Esse pedido foi realizado logo após o ministro Alexandre de Moraes ter solicitado a Fachin a retirada do sigilo sobre toda a documentação referente à Operação Compliance Zero, que investiga a corrupção de agentes públicos e fraudes financeiras bilionárias supostamente cometidas por Vorcaro.
Moraes criticou o que considerou ser uma seletividade subjetiva por parte do ministro André Mendonça, relator do caso Master no Supremo, ao levantar o sigilo da investigação na noite da quinta-feira (9).
Em ofício dirigido a Fachin, Zanin expressou a intenção de ter acesso direto à mídia que contém a íntegra do material extraído do celular de Vorcaro, que foi apreendido na fase inicial da Compliance Zero.
O ministro ressaltou que a mídia solicitada “está diretamente relacionada” ao julgamento agendado para a próxima terça-feira (15), quando o plenário analisará um relatório da Polícia Federal (PF) que aponta conexões entre Vorcaro e Moraes.
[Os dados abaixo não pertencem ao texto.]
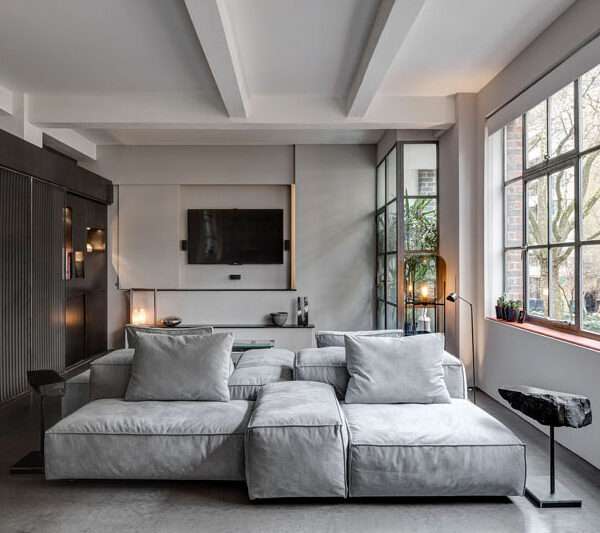 A 1930s shoe factory was converted into a contemporary apartment filled with industrial character and highly personal design details.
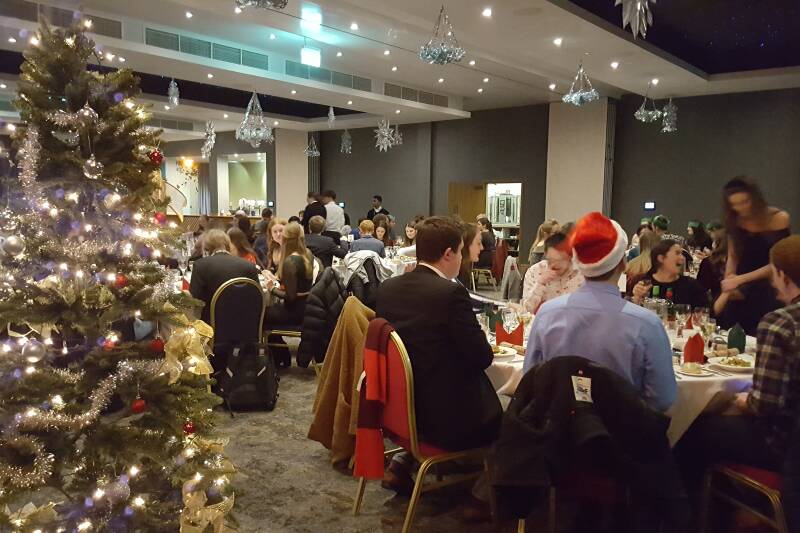 All suites set up for a department Christmas party in banquet layout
Na quarta-feira (9), Fachin designou para a próxima terça uma sessão plenária para deliberar sobre um pedido do procurador-geral da República, Paulo Gonet, que busca anular o relatório sobre Moraes, alegando que Mendonça não possuía competência para autorizar investigações contra um colega de tribunal.
Até o momento, o STF não divulgou informações sobre como será o rito do julgamento. A Constituição e o Regimento Interno determinam que apenas o plenário pode processar e julgar um de seus integrantes, mas não especificam detalhes sobre a condução do processo.
Não foi anunciado, por exemplo, se o julgamento ocorrerá com portas abertas ou fechadas, nem se o ministro Alexandre de Moraes participará da sessão.
Entenda o caso
Na noite da quinta-feira (10), a pedido de Edson Fachin, o ministro André Mendonça decidiu retirar o sigilo de parte das investigações relacionadas ao Banco Master, do qual é relator.
Dessa forma, o sigilo de 15 procedimentos sobre o Master foi revogado, permanecendo em segredo apenas aquele material que possa comprometer diligências e novas investigações.
Assim, os processos estão disponíveis para outros magistrados e se tornam públicos.
A determinação de Fachin ocorreu após a grave crise enfrentada pelo STF em razão das decisões tomadas por Mendonça, que inicialmente divulgou supostas trocas de mensagens entre o ministro Alexandre de Moraes e o banqueiro Daniel Vorcaro.